Malgré ses excès, Chartrand était un homme raffiné, qui aimait les bons vins, la grande musique, la littérature et la peinture.

Événements marquants

Il aura connu des événements marquants dans sa vie. Certains sont connus comme son arrestation durant la crise d'octobre 1970 en vertu de la Loi sur les mesures de guerre. Il est resté en prison pendant quatre mois. D'autres le sont moins, comme le décès de sa fille Marie-Andrée, tuée accidentellement par son conjoint.

Michel Chartrand a été 60 ans aux mêmes barricades. Père de sept enfants, forgés aux mêmes idéaux par lui bien sûr, mais aussi et peut-être surtout par sa femme Simonne, aussi militante que lui, à sa façon, et qui fut la seule qui ait pu lui tenir tête tout en l'épaulant constamment pendant un demi-siècle.

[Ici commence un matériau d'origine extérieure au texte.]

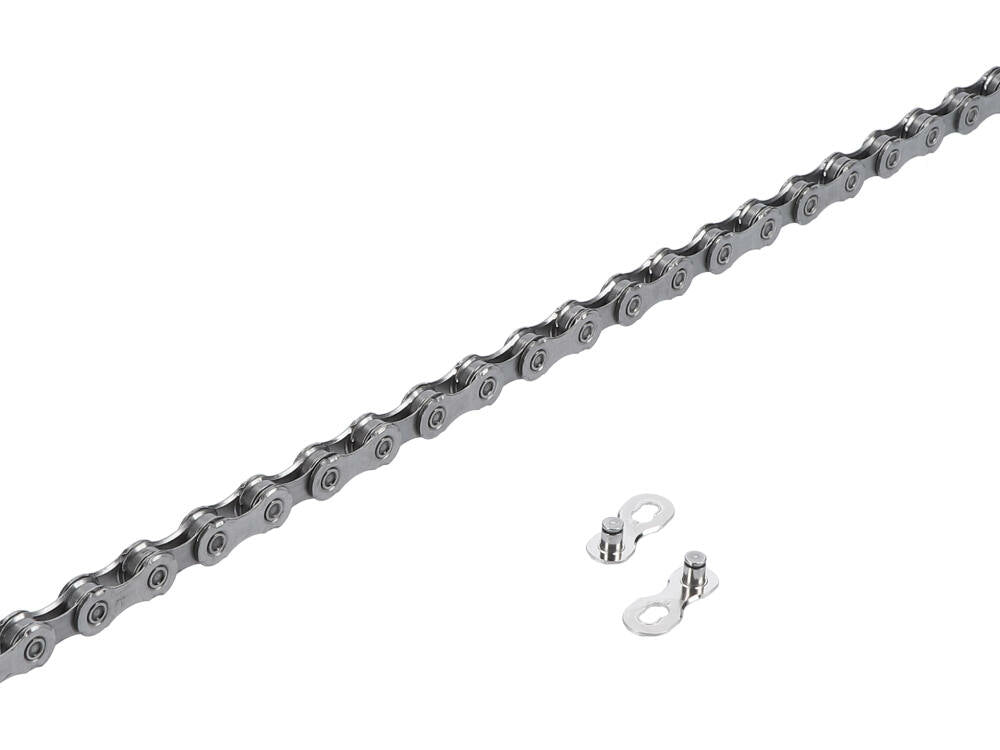 Shimano CN-LG500 10/11s Uyumlu Bisiklet Zinciri 126L E-MTB Quicklink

«Par moments, l'implication de mes parents nous rendait la vie difficile, mais cela n'a jamais été lourd à porter. Au contraire, nous avons toujours été très fiers d'eux», a raconté mardi leur fille Suzanne.

«Je devais avoir 5 ou 6 ans la première fois que j'ai entendu à Radio-Canada que Maurice Duplessis avait fait emprisonner mon père. Ce n'est jamais facile d'aller voir son père en prison, mais nous, ses enfants, savions pourquoi il était là. Nous savions que c'était une profonde injustice.»

Pour expliquer les nombreux discours de sa vie, Michel Chartrand disait qu'il y avait deux choses qu'il connaissait bien: la politique et le syndicalisme: «Ça fait 60 ans! C'est sûr que c'est déprimant. Je suis pessimiste intellectuellement et optimiste volontairement. Parce qu'on peut changer des affaires.»

La pensée de Michel Chartrand, il était le premier à le reconnaître, ne se distinguait pas par sa subtilité ou sa finesse. Il fut l'homme d'une cause: la dignité des travailleurs.

À Anne Richer, qui l'avait interviewé chez lui, à Saint-Marc-sur-Richelieu, il y a quelques années, il avait déclaré que «tout le monde devrait faire de la politique. En démocratie, c'est un devoir. Assumer des responsabilités à son niveau; voir à ce que le monde s'épanouisse. On est nés pour le bonheur, quel que soit notre handicap physique ou mental, quels que soient nos parents ou nos gênes. Et pour le bonheur, il faut un minimum: manger, se faire soigner, s'éduquer. Pis travailler. On s'épanouit par le travail!»